In fact, the axiomaticians might be the most correct. The whole thing is so axiomatic, there’s nothing left to be said about the “act of existence.”
“Okay, Scheske. We know your daughter is a runner because she’s engaged in the act of running. Everything else about the condition—her personal best, her preferred running shoes, her form, how it makes her feel, how it affects her other life activities—all focus on the attributes of running or her. To explore her running, we don’t ever have to revisit the premise that ‘she’s engaged in the act of running.’ So drop it. We don’t give a s*** about the act of running.”
And they’d be right. The Running Reality Spectrum for purposes of everything we know (for purposes of observation, discussion, debate, data, experimentation, records, the Olympics, TV, a varsity letter, etc.) looks like this: Attributes of Running-->Runner.
No “Act of Running.” It’s there, yes, but it’s not even worth talking about, so it can be properly (efficiently) discarded from our mental view.
When it comes to the Act of Existence, we tend to do the same thing. The Reality Spectrum is just Attributes of Existing-->Being. Everything we can see, hear, talk about, and measure pertains to one of those two things. The Act of Existence is prior to all that, of course, but so what? It’s not worth talking about.
But I’d take the axiomaticians one step further:
It’s not that it’s not worth talking about.
It’s that we can’t talk about it.
Enter the Tao
The first line of Lao Tzu’s Tao Teh Ching tells us that “The Tao that can be put into words is not the real Tao.”
The Zen master, Wen-yu, when asked for the First Principle of Zen, echoed Lao Tzu: “If words could tell you, it would become the Second Principle.”

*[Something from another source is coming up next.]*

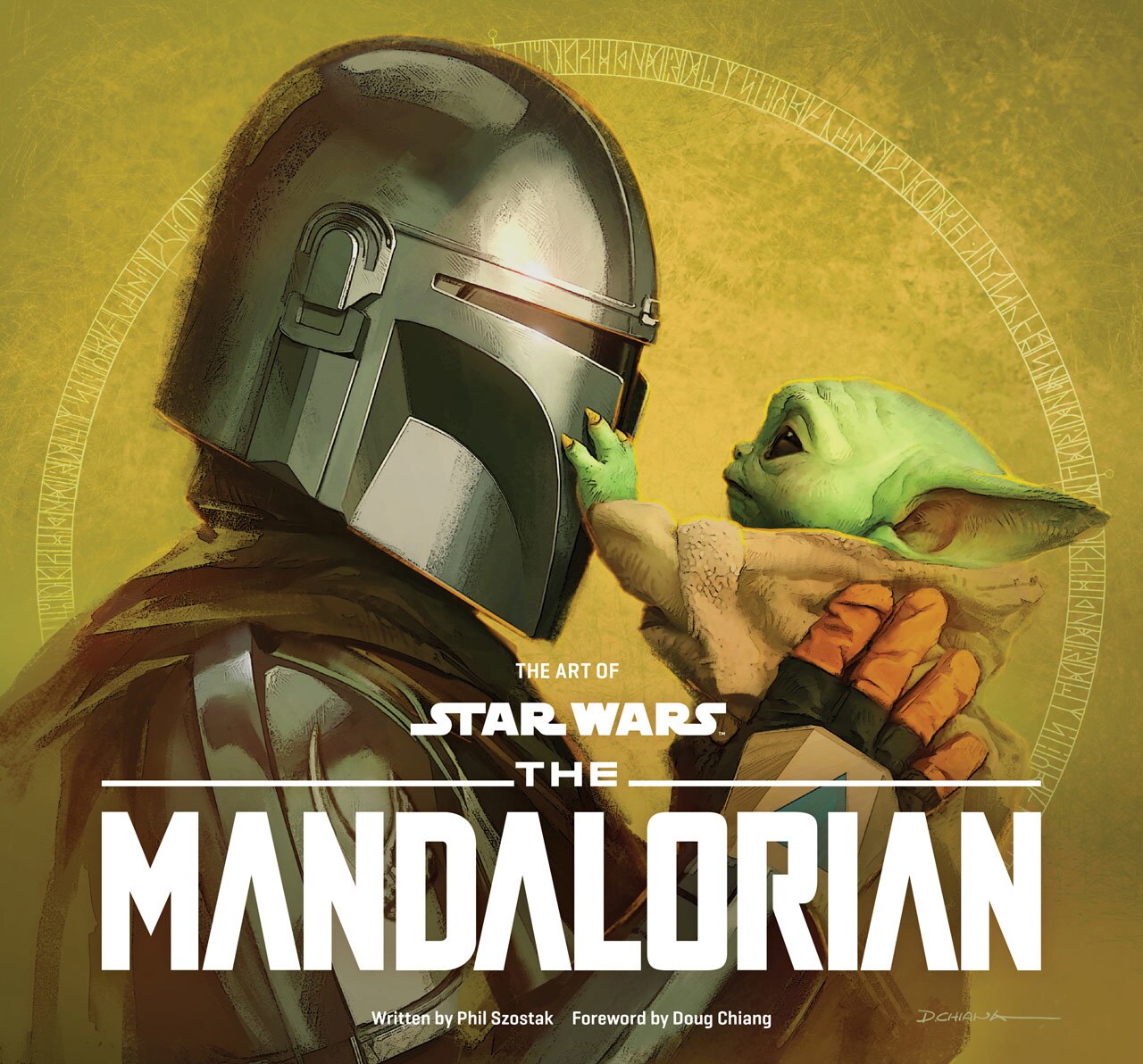 The Art of Star Wars: The Mandalorian Season 2 Coming This December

The Tao. The First Principle of Zen. There’s nothing to be said about them. In fact, if you try, you eliminate them. You can’t talk about them any more than you can catch your shadow. The mere attempt to catch it is a failure to appreciate what a shadow is. The same with the Tao and the First Principle of Zen: The mere attempt to talk about them (to catch them) is a failure to appreciate what they are.
The Tao. The First Principle of Zen. They are labels for the Act of Existence.
The Tao, the First Principle of Zen, and the Act of Existence can’t be defined because they are prior to the world of essence and being. Language defines subjects and objects. The Tao comes first, before language, before subject-object. The mere attempt to talk about it is a failure to appreciate what the Tao is.
But that doesn’t mean the Tao is irrelevant.
Far from it. It’s the most important thing, even if we can’t articulate how and must try to obtain glimpses of it in ways that don’t use the world of subject-object and language.
I’ll write more about those ways in future pieces.